- Battle of Fairfield near Fairfield Gap: Part of the American Civil War
| Date | July 3, 1863 |
| Location | North of Fairfield, Pennsylvania, U.S.39°49′24″N 77°22′2″W﻿ / ﻿39.82333°N 77.36722°W |
| Result | Confederate victory |

Belligerents
- USA (Union): CSA (Confederacy)

Commanders and leaders
- Samuel H. Starr: William E. "Grumble" Jones

Strength
- 400: 1,050 (estimated)

Casualties and losses
- 242 (6 killed, 28 wounded, 208 missing): 34 (8 killed, 21 wounded, and 5 missing)

= Battle of Fairfield =

Battle of the American Civil War

The Battle of Fairfield was a cavalry engagement during the Gettysburg campaign of the American Civil War. It was fought July 3, 1863, near Fairfield, Pennsylvania, concurrently with the Battle of Gettysburg, although it was not a formal part of that battle. While a minor fight by the small number of troops deployed, strategically, the Confederate victory secured the important Hagerstown Road, which Robert E. Lee's Army of Northern Virginia would use on July 5 to return to Maryland and then on to safety in Virginia.

==Background==
Fairfield had been the site of combat on June 21, when the 14th Virginia Cavalry of Brig. Gen. Albert Jenkins's mounted infantry brigade had used Monterey Pass to conduct a raid near Fairfield. Following an engagement with the First Troop, Philadelphia City Cavalry, the Confederates withdrew into the Cumberland Valley.

Much of the cavalry of the Army of Northern Virginia accompanied Maj. Gen. J.E.B. Stuart on his ride around the Union Army of the Potomac through Maryland and south-central Pennsylvania. Lee had retained several brigades to guard the mountain passes as he advanced through the Shenandoah and Cumberland Valleys and to scout Federal positions. Among the latter brigades was that of Brig. Gen. William E. "Grumble" Jones, the celebrated "Laurel Brigade" that had once been commanded by Turner Ashby. Jones had detached one of his best commands, the 35th Battalion, Virginia Cavalry, to accompany the infantry of Jubal Early, but retained the bulk of his command. Jones's Brigade had been raiding the Baltimore and Ohio Railroad in West Virginia and Maryland before being recalled by Lee.
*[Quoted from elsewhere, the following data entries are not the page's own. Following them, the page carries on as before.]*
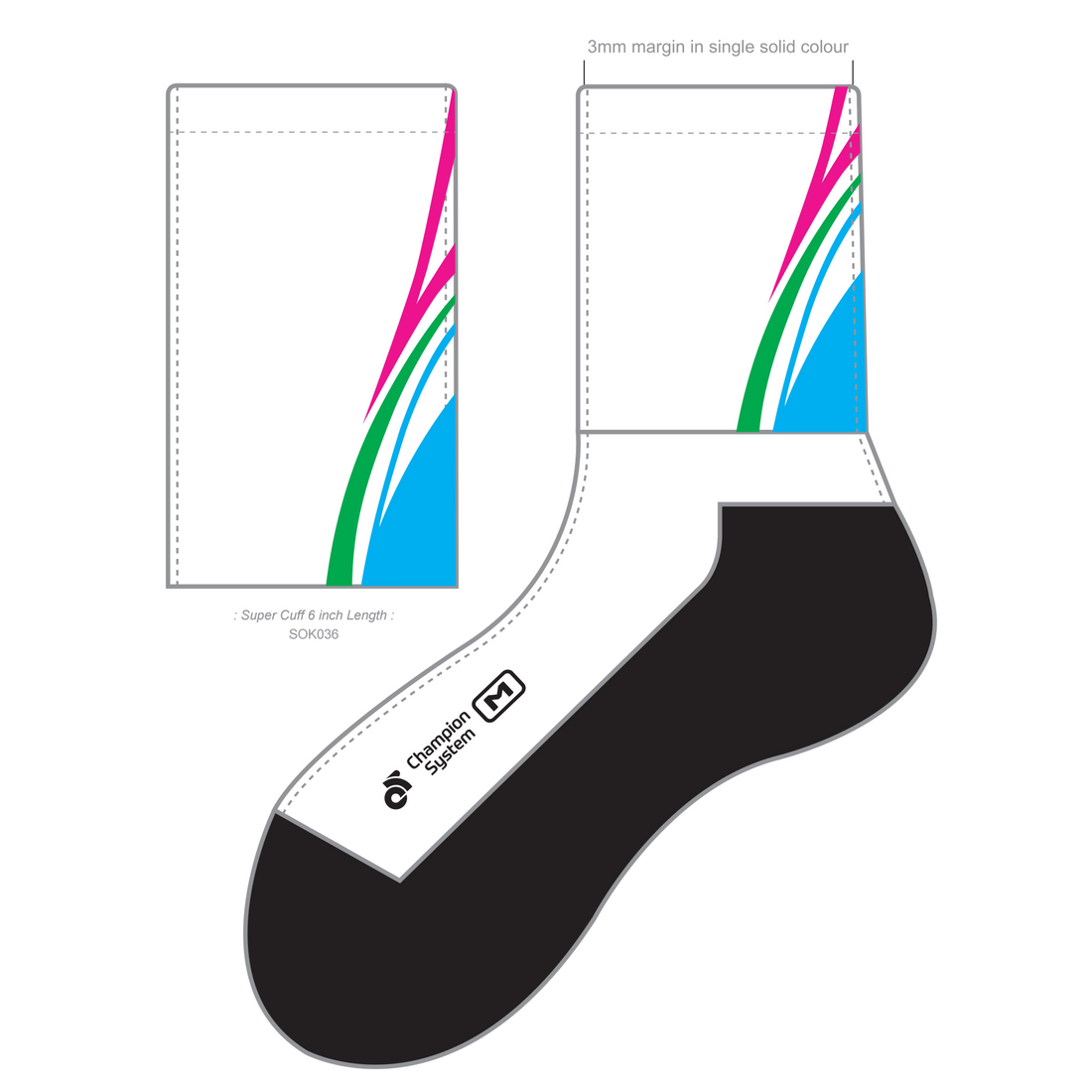 Sublimated Sock 6 Inch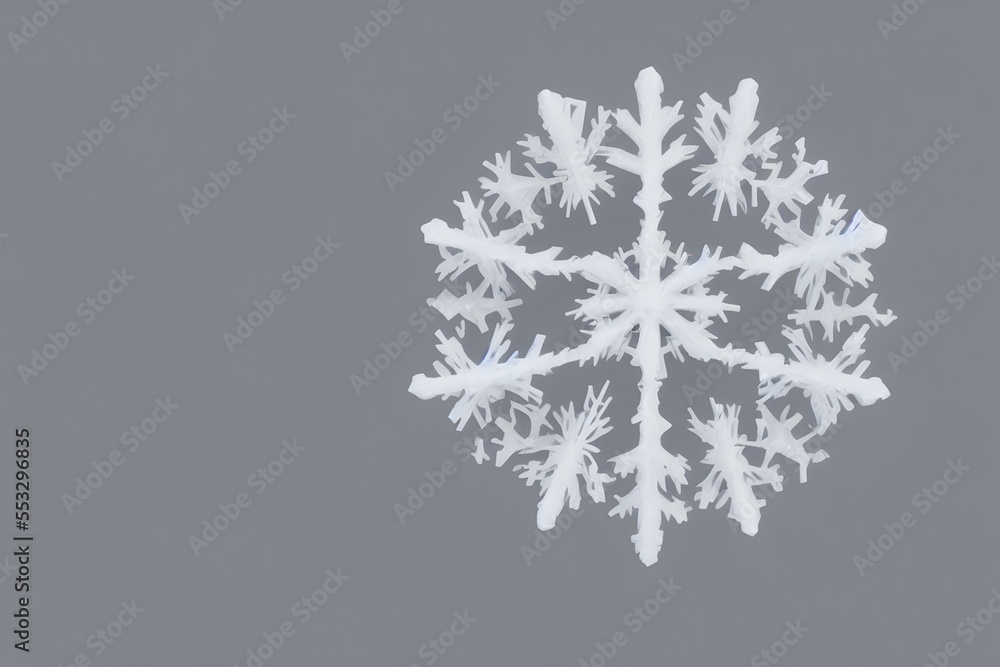 3d illustration macro of snowflake, generative ai 3d illustration macro of snowflake, generative ai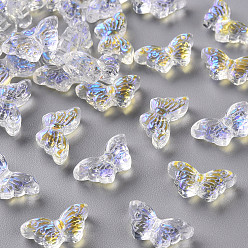 Clear AB Transparent Glass Beads, with Glitter Powder, AB Color Plated, Butterfly, Clear AB, 8x15x4.5mm, Hole: 1mm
They hastened to Pennsylvania, crossing the Potomac River on July 1, where Jones detached the 12th Virginia Cavalry to guard the ford, and camped at Chambersburg the following night. Jones's force had been reduced to the 6th, 7th, and 11th Virginia Cavalry and Preston Chew's Battery of horse artillery. Jones reached Fairfield on July 3 in response to Lee's orders to secure the vital Hagerstown Road.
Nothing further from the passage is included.